* _WHAT TO PRODUCE_
In your output, repeat each entry exactly and include no pictures.

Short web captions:
○ ○ ○ ○ ○
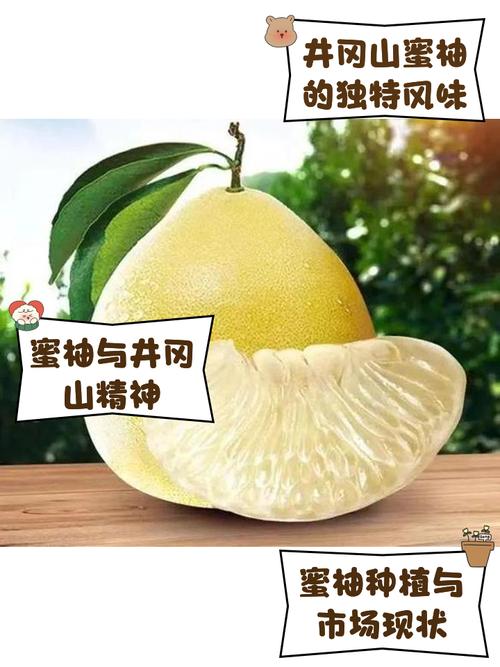 蜜柚最新版v126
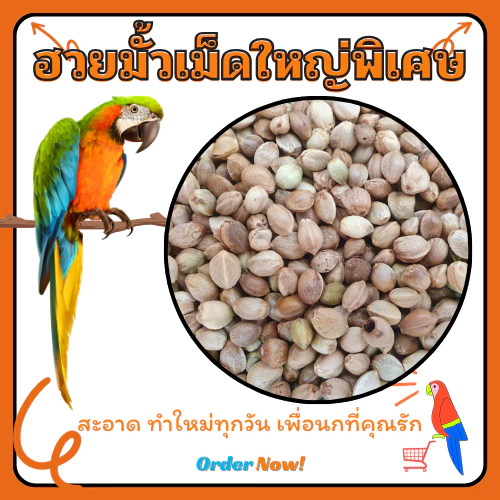 ฮวยมั้วเกรดA สำหรับนกแก้ว1กก.และ500กรัม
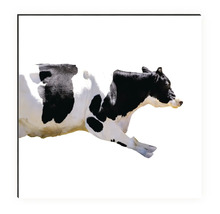 Image décorative d''une vache encadrée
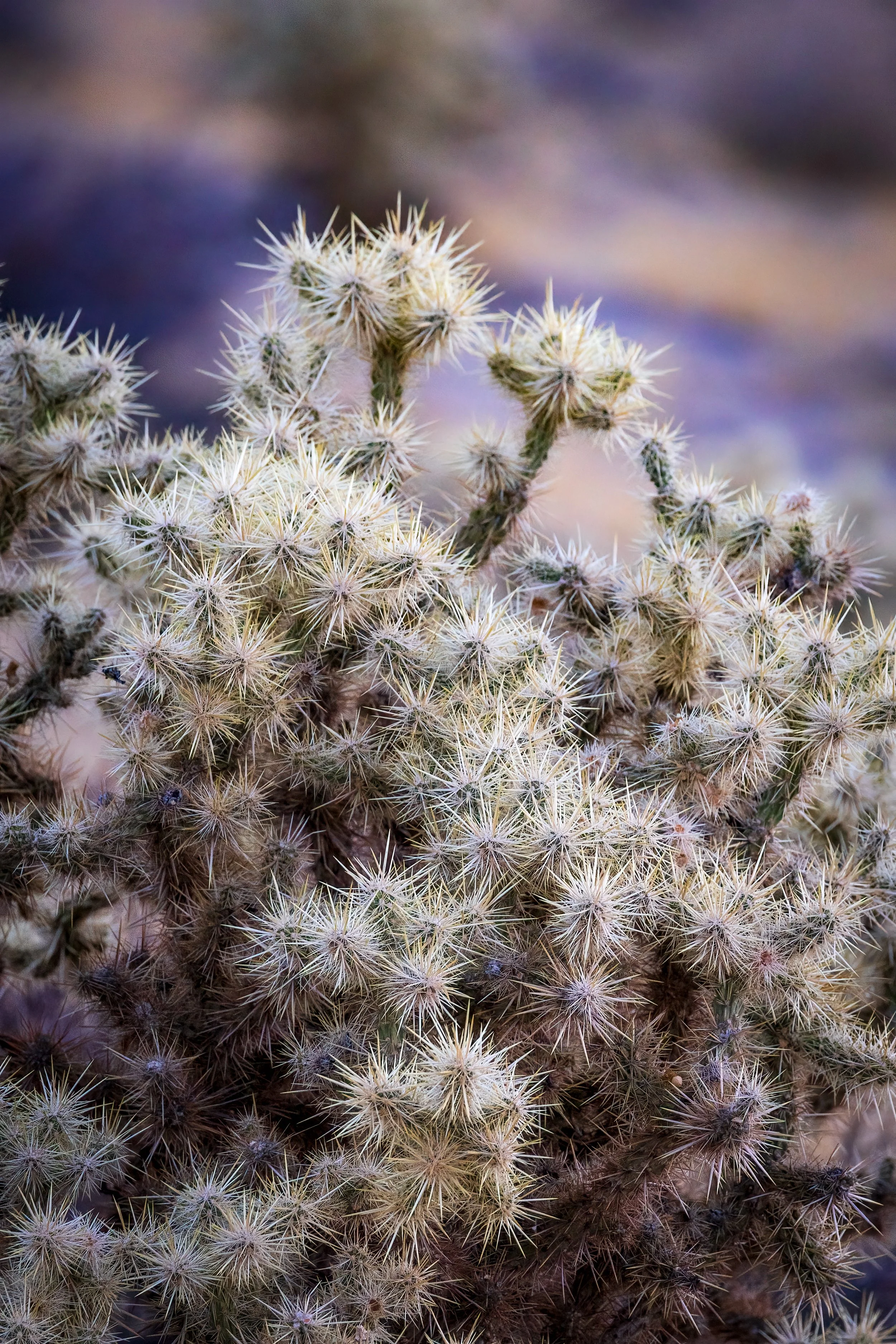 Cholla.jpg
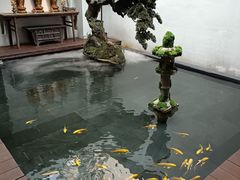 -觀芷隐轩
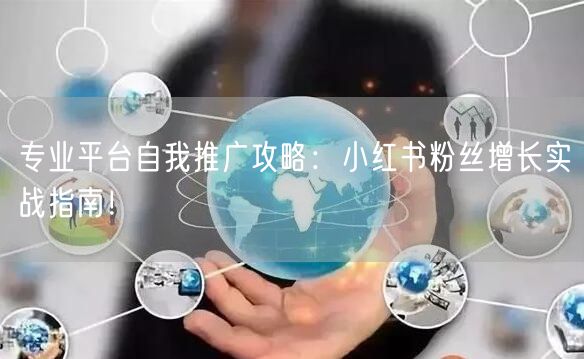 专业平台自我推广攻略：小红书粉丝增长实战指南！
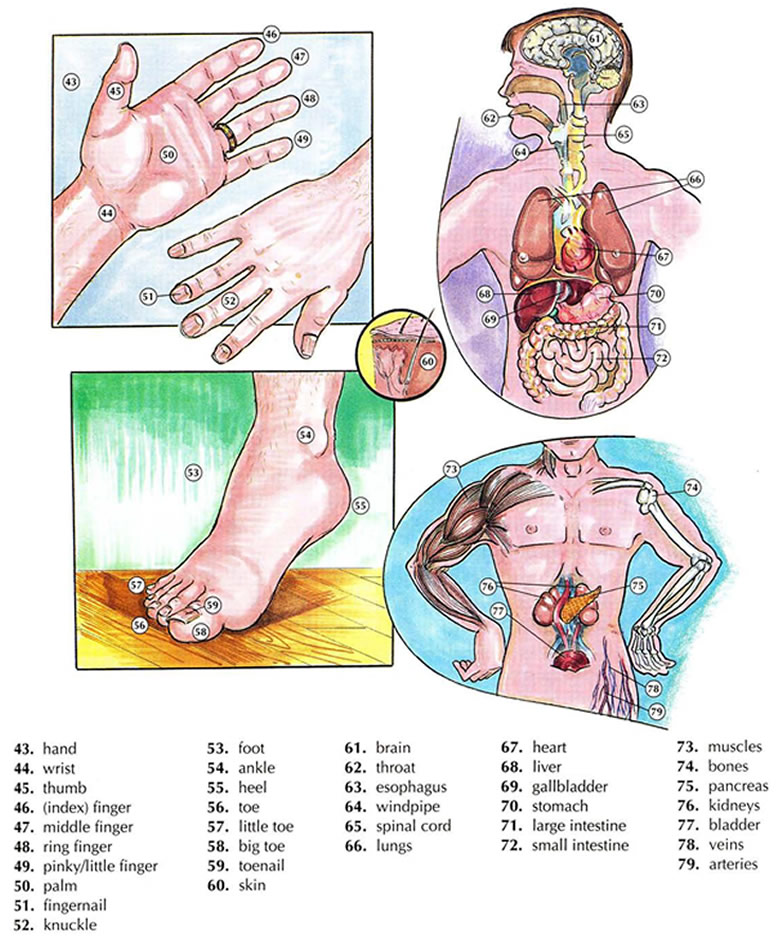Learning the body and anatomy vocabulary using pictures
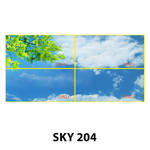 SKY 204.jpg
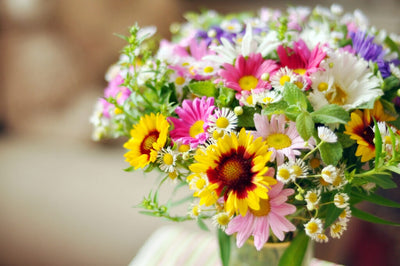 Making Flower Arrangements: Bringing the Blooms Indoors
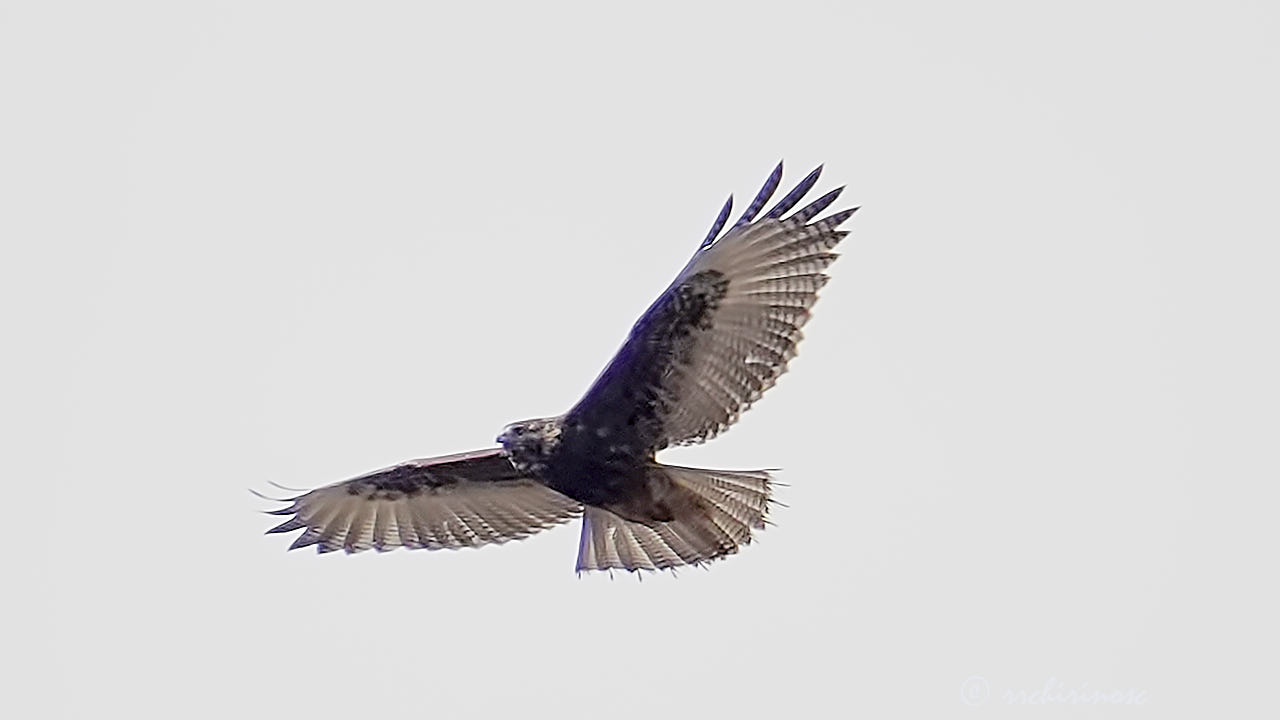 Variable hawk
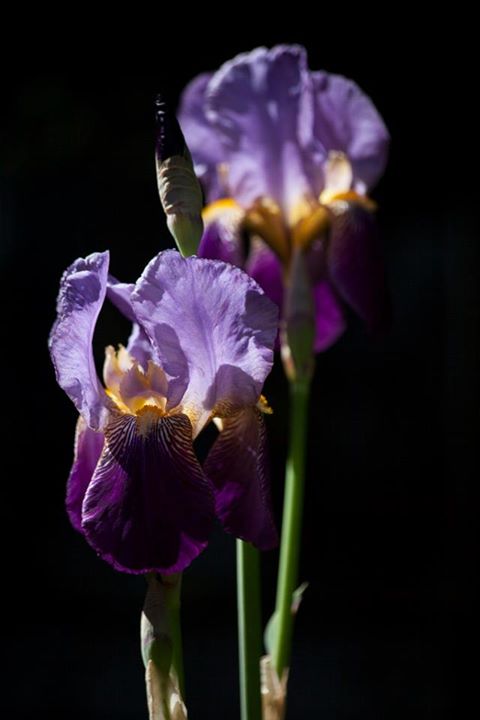 low-key iris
○ ○ ○ ○ ○
* _RESULT OF THIS EXERCISE_
 蜜柚最新版v126
 ฮวยมั้วเกรดA สำหรับนกแก้ว1กก.และ500กรัม
 Image décorative d''une vache encadrée
 Cholla.jpg
 -觀芷隐轩
 专业平台自我推广攻略：小红书粉丝增长实战指南！
Learning the body and anatomy vocabulary using pictures
 SKY 204.jpg
 Making Flower Arrangements: Bringing the Blooms Indoors
 Variable hawk
 low-key iris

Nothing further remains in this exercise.